When Mary Vannice's daughter wanted to learn how to play the harp 25 years ago, Vannice jumped right in to learn along with her.

When Mary Vannice's daughter wanted to learn how to play the harp 25 years ago, Vannice jumped right in to learn along with her.

"I fell in love with it, and she went off to soccer, cheerleading and other things kids like to do," says Vannice.

Vannice hauls her 100-pound grand classical Venus harp all over the valley, performing at wineries, retirement homes, weddings.

"I love the resonance of it, and I love the strings," she says. "It just touches me really deeply, I just feel that real strong draw to play."

Every Wednesday, from 9:15 to 11:30 a.m., she plays in the Ashland Community Hospital lobby. She performs mostly jazz standards by composers George Gershwin, Cole Porter and Burt Bacharach.

"At the hospital they just really love it," she says. "I can tell when they sit and just soak in the vibes. Lots of compliments there; that really makes me feel good to feel that exchange."

Her husband, Michael Vannice, a jazz musician himself, does her arrangements.

"He's influenced me quite a bit throughout my life," she says. "We've been together for 20 some years. I was able to really get into jazz; before him, I really wasn't that much into jazz."

For the Tidings Cafe, Vannice played "Welcome," by John Coltrane, and "What the World Needs Now," by Burt Bacharach, in the garden of her Phoenix home. To view the video, go to www.dailytidings.com/tidingscafe.

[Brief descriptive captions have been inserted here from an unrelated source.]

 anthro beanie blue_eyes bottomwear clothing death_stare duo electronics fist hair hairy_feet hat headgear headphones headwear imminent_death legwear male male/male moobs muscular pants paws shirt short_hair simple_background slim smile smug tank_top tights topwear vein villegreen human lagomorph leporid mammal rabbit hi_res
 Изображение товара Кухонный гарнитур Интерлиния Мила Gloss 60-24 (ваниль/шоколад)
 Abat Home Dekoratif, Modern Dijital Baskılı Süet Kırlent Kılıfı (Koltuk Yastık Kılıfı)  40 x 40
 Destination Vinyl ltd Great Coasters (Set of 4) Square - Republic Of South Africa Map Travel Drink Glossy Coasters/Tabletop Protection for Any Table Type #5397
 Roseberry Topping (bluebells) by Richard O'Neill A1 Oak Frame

Harp music is perfect for art galleries and fine dining, Vannice says. She doesn't see herself so much as an entertainer, but as someone who facilitates a certain mood or atmosphere.

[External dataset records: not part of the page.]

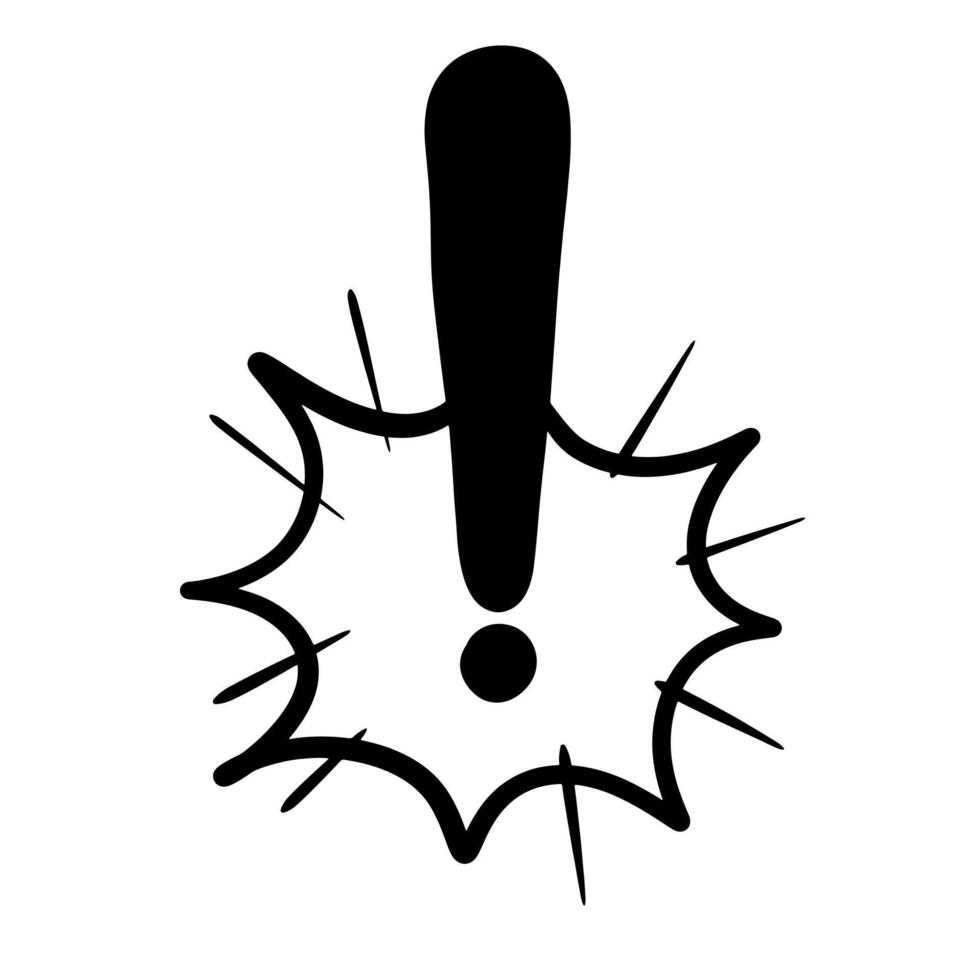 Doodle exclamation marks and question marks. Hand drawn exclamation point. vector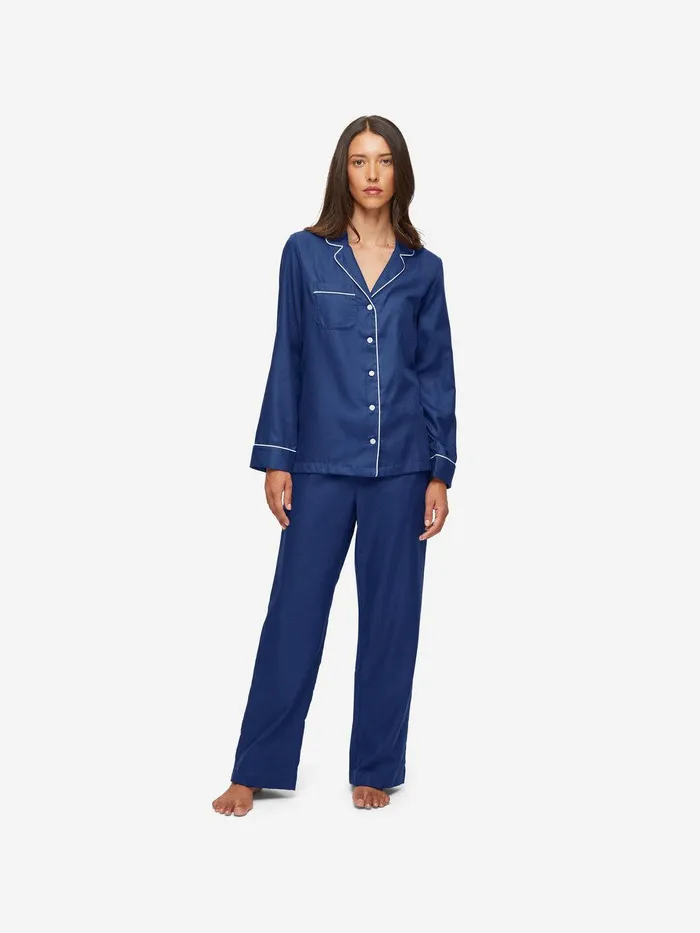 Derek Rose Pajamas Lombard 6 Cotton Jacquard Navy Women Long Pajamas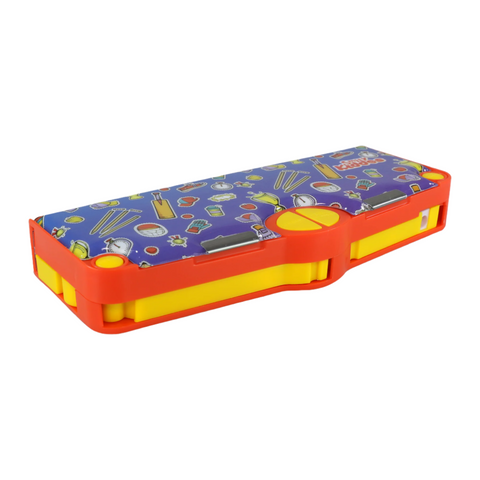 Image of Smily Kiddos Multi Functional Pop Out Pencil Box for Kids Stationery for Children - Cricket Theme - Blue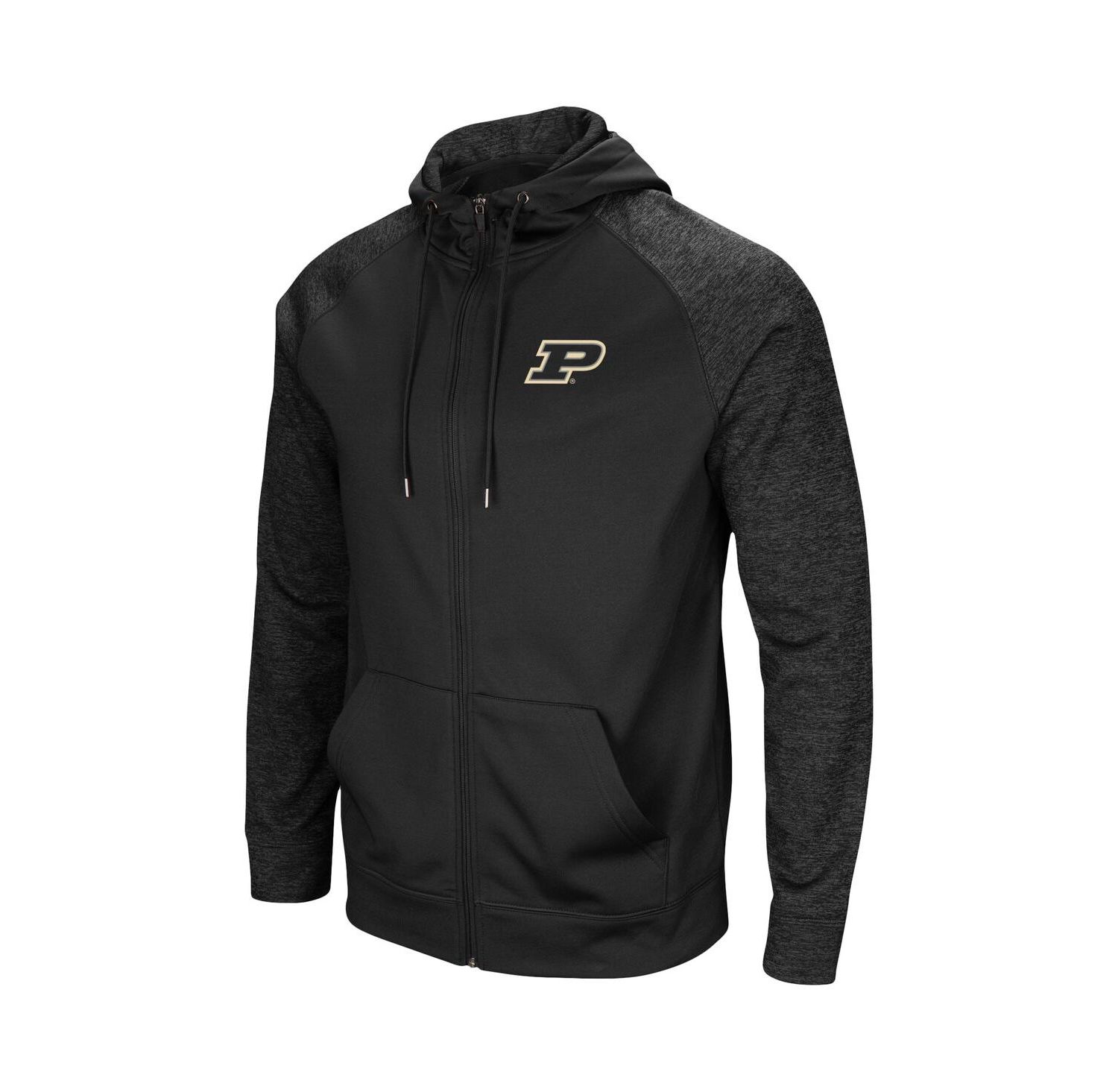 Men's Black Purdue Boilermakers Blackout 3.0 Tonal Raglan Full-Zip Hoodie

"I enjoy being background. I just feel like my music helps with people's conversations keeping them lighthearted," says Vannice. "I like putting out a good vibe."

Vannice's harp has the full range of a piano with pedals that deliver extra tones. She can easily plug it in for amplification as well.

"This is very involved, with the foot pedals, the strings and reading the music," says Vannice,

One of the highlights of her career as a harpist was performing in the Atlantis Jazz Quintet with her husband. "I loved playing with Atlantis. It was like, 'Wow, I'm in a band with my husband,' and I loved improvising," says Vannice. The band is on hiatus now, but Vannice hopes the members can perform together sometime in the near future.

Vannice also works as a sound healer, having received a credential from the Institute for Music, Health and Education founded by Don Campbell in Boulder, Colo.

"I have a credential for advanced tone. I studied the effects of tone on people," says Vannice. "It really gave me a sensitivity to be able to feel and intuit. It's kind of like my husband when he writes my arrangements, he knows what I like and he knows those sounds that really feed into the heart."

Vannice will perform at 6 p.m. Saturday, Sept. 29, at the Deja Vu Bistro in the McCully House, 240 E. California St., Jacksonville.